By Angelika Lonnemann, January 2023

Some people who are politically far to the right believe that Waldorf schools would be the right schools for their children. Or that they would be the right places where they could work unimpeded as people with right-wing convictions.

When I first heard about such phenomena, I was dismayed, outraged and ashamed. After all, my image of Waldorf schools until then had been completely different. For me, Waldorf schools were places in contradiction to the right – namely places where teachers looked at and taught pupils with a very special, respectful and humanistic view. Where children were not judged by their performance, where children of all nations and religious affiliations, with or without support needs, were welcome. Where people wanted to make decisions through direct democracy, without leaders. And where people have also been taking action on food in a regional and sustainable way for decades.

When in the 1980s I saw the class eight play at the Ulm Waldorf School, where my father taught, the class teacher had given the weakest and most insecure pupil the lead role in The Magic Flute. This unbelievably intense image of trusting the weakest to achieve the greatest and supporting them on their way there was the basis of my enthusiasm for Waldorf education. As a mother of two daughters at a Waldorf school, I later came to know mainly those parents who, like me, were convinced democrats, many of them politically to the left and green.

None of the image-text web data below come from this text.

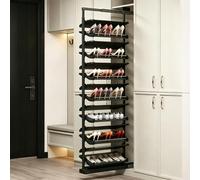 ZMHPLKH Organizador de Zapatos Extraíble y Ajustable con Estantes Modulables y Diseño Escalonado - Zapatero Retráctil para Armarios, Recibidores y Vestidores - Ideal para Familias con Espacios Limitad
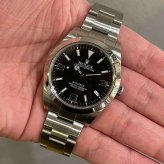 ロレックス エクスプローラーI Ref.214270 夜光なし
鏡面バックル 002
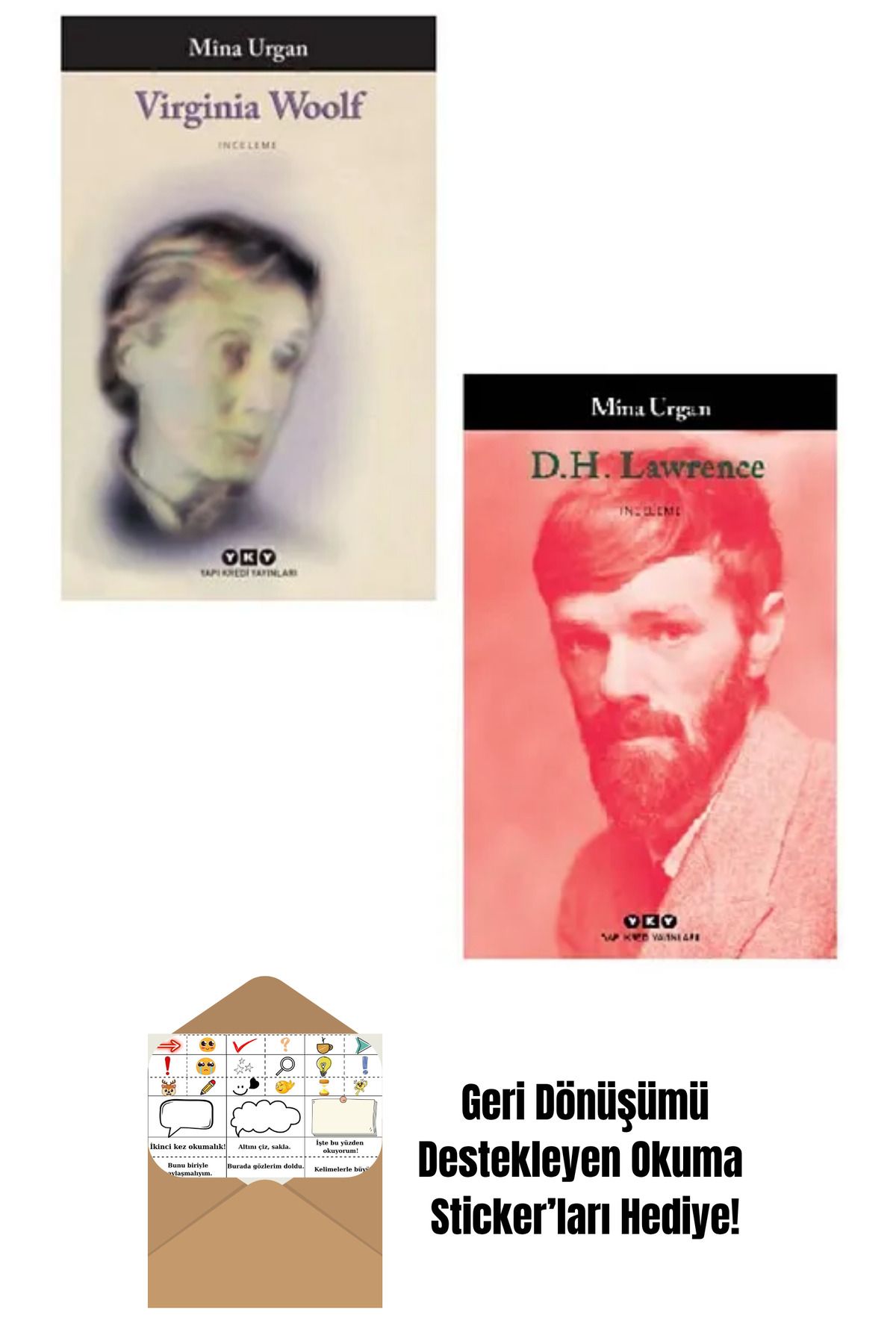 Yapı Kredi Yayınları Mina Urgan 2 Kitap Set + Okuma Sticker'ları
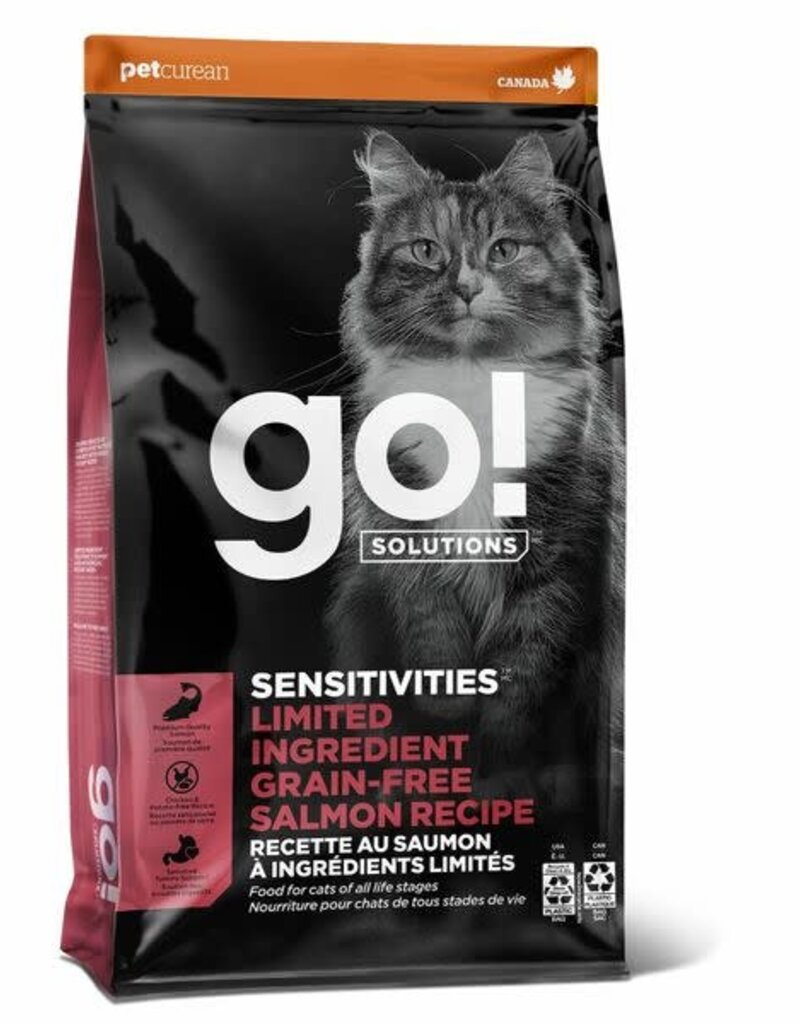 Petcurean Go! Sensitivities LID GF Salmon 12lb Cat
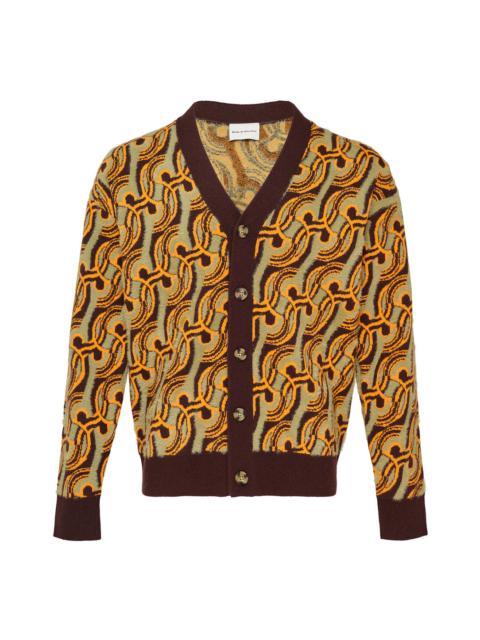 Drôle de Monsieur Mirror Abstrait Cardigan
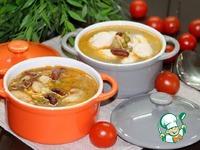 Фасолевый суп с птитимом и кнелями ингредиенты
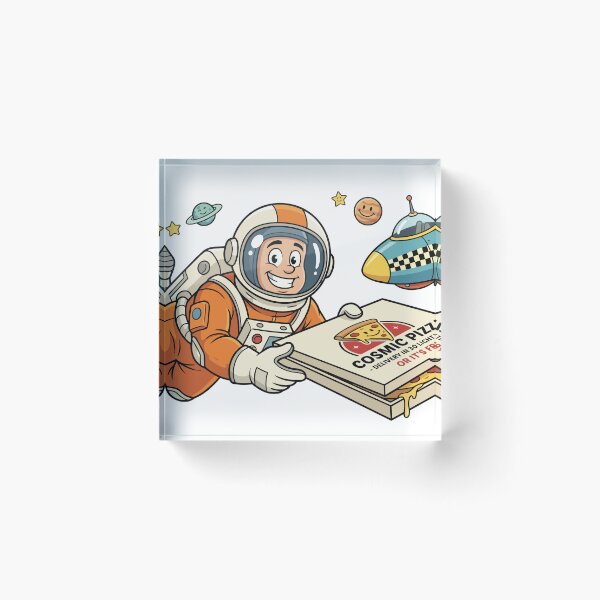 Item preview, Funny Astronaut Pizza Delivery in Space designed and sold by PixelCatalyst.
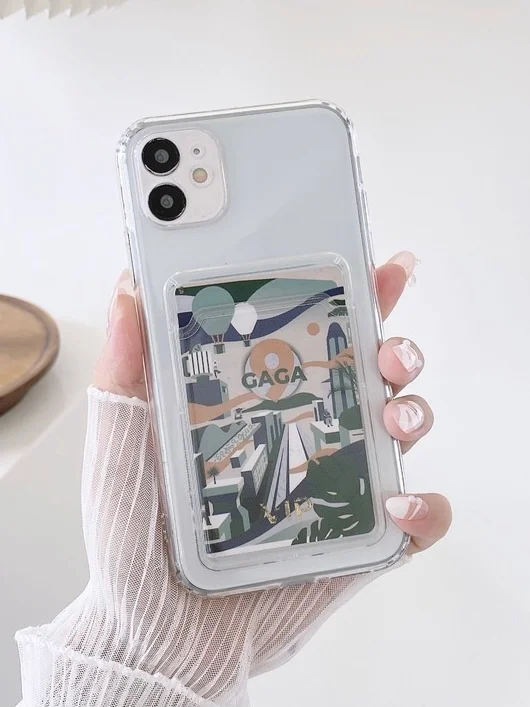Серый чехол с  карманом для карт для Iphone 11, противоударный, силиконовый
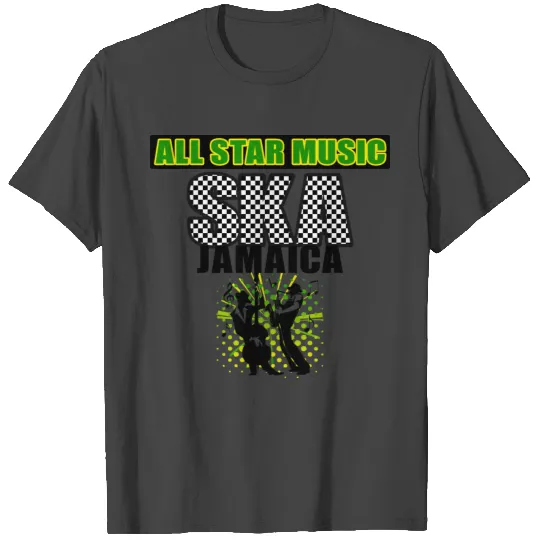 All Star Music Ska Jamaica T Shirts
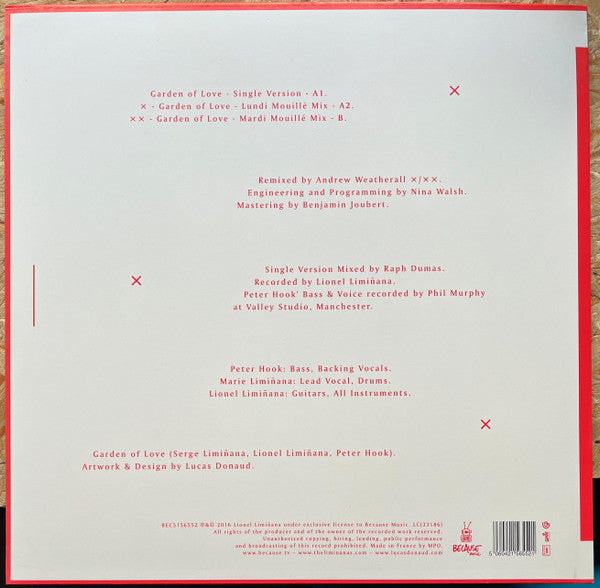 The Limiñanas Feat. Peter Hook -Garden Of Love (Andrew Weatherall Remix)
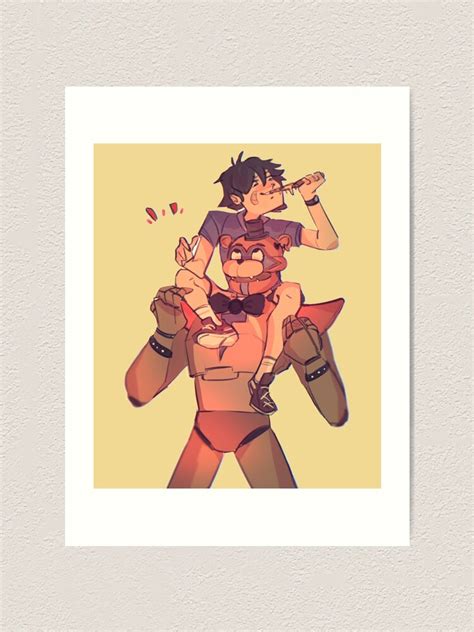 Best Of Fnaf Security Breach Art Print By Veritableart Redbubble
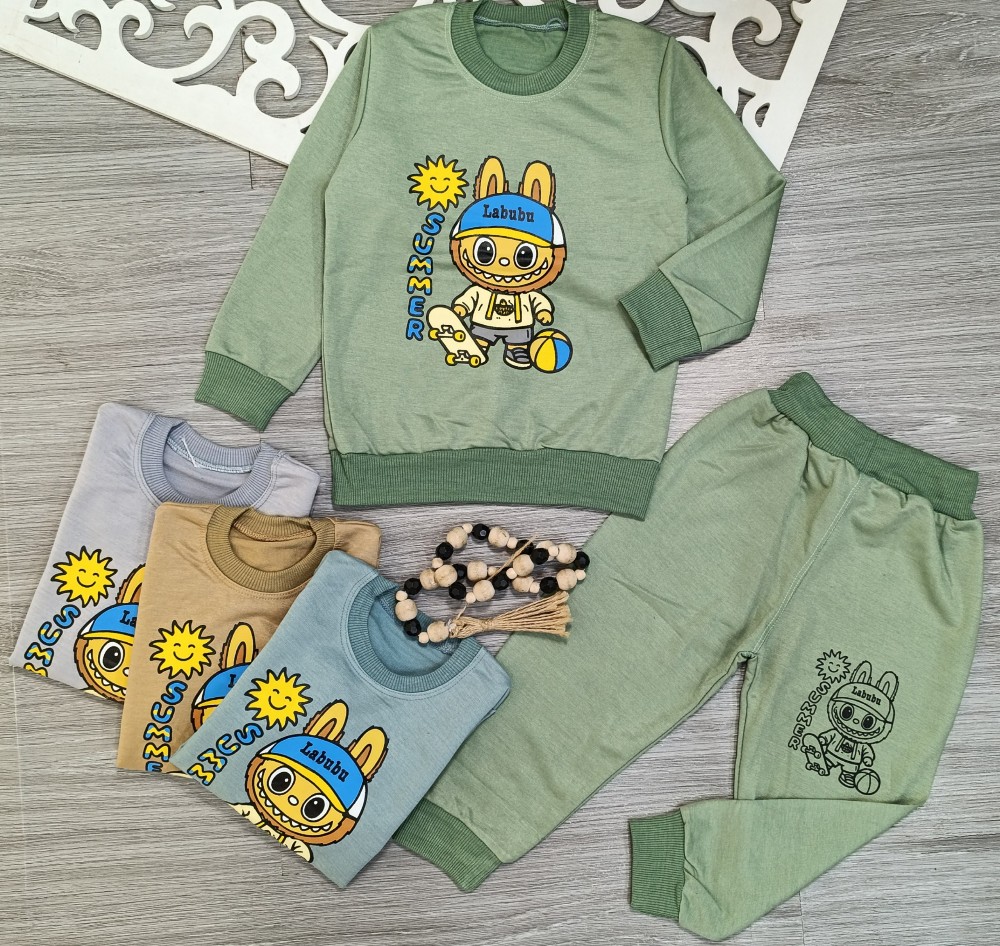 بلوز شلوار دخترانه لابابو خورشید کد 135216 - خرید ست بلوز شلوار دخترانه عمده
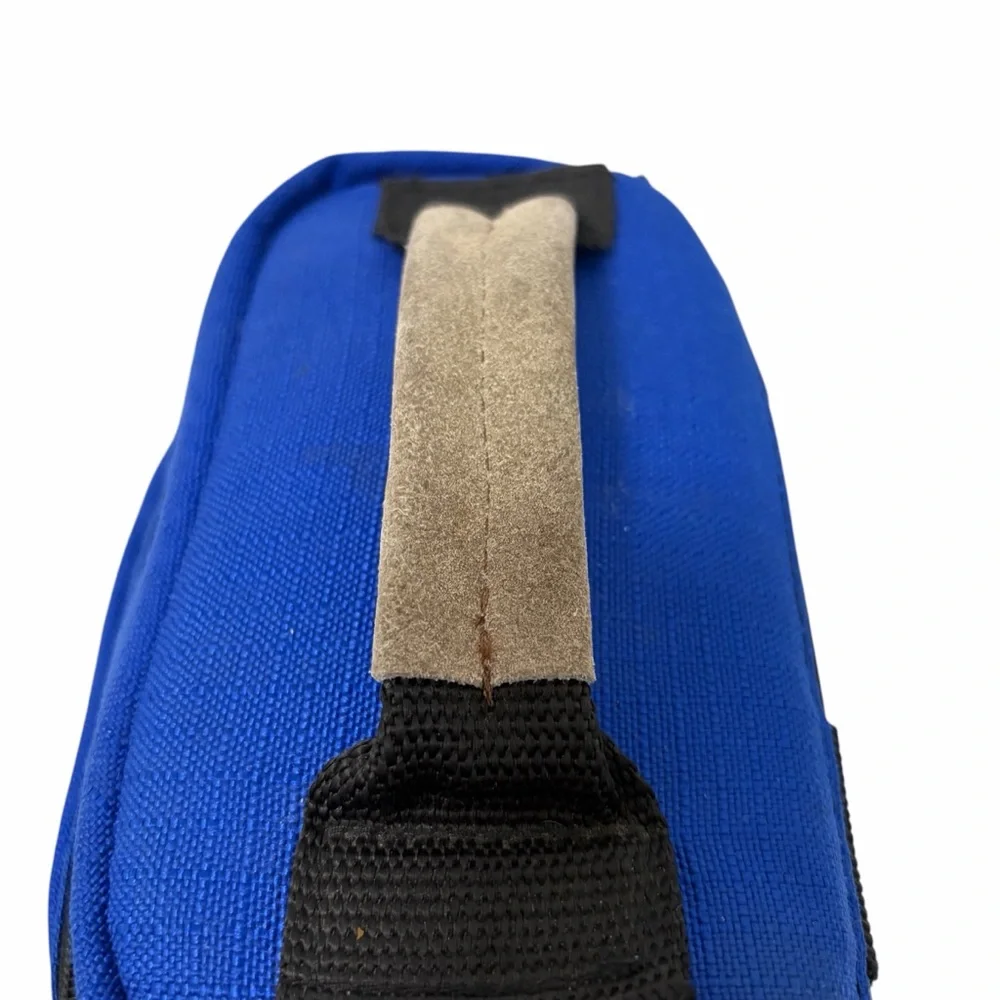 Tamrac Vintage Royal Blue Nylon Small 4 Compartment Camera Bag - Like New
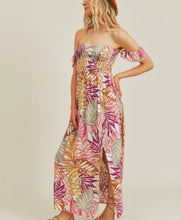 Load image into Gallery viewer, Tropical Palm Maxi Dress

In this issue we report on attacks by right-wing people and institutions who want to claim Waldorf schools and Rudolf Steiner as their own. Even though – compared to the majority of all Waldorf teachers, staff and parents – they are a very small minority, we want to call it out and urge vigilance. And clearly declare that we will not tolerate it. We, that is the editors of Erziehungskunst, the advisory board and our publisher, the German Association of Waldorf Schools.

The Anthroposophical Society in June 2022 commemorated an assassination attempt on Rudolf Steiner by right-wing extremists. In May 1922, a group of right-wing extremists and National Socialists in Munich attempted to kill Steiner with close combat weapons. Only through the “courageous intervention of some friends” could Steiner be protected.

Steiner was regarded in right-wing circles as an agent of international Jewry and a stooge of Bolshevism. There is therefore no justification for placing anthroposophical philosophy and thus Waldorf education close to right-wing ideas.

Standing up against Nazis, naming and denouncing racism is human, democratic and necessary. Please join us and stand up against dehumanising propaganda, violence and nationalism. Let us stay alert!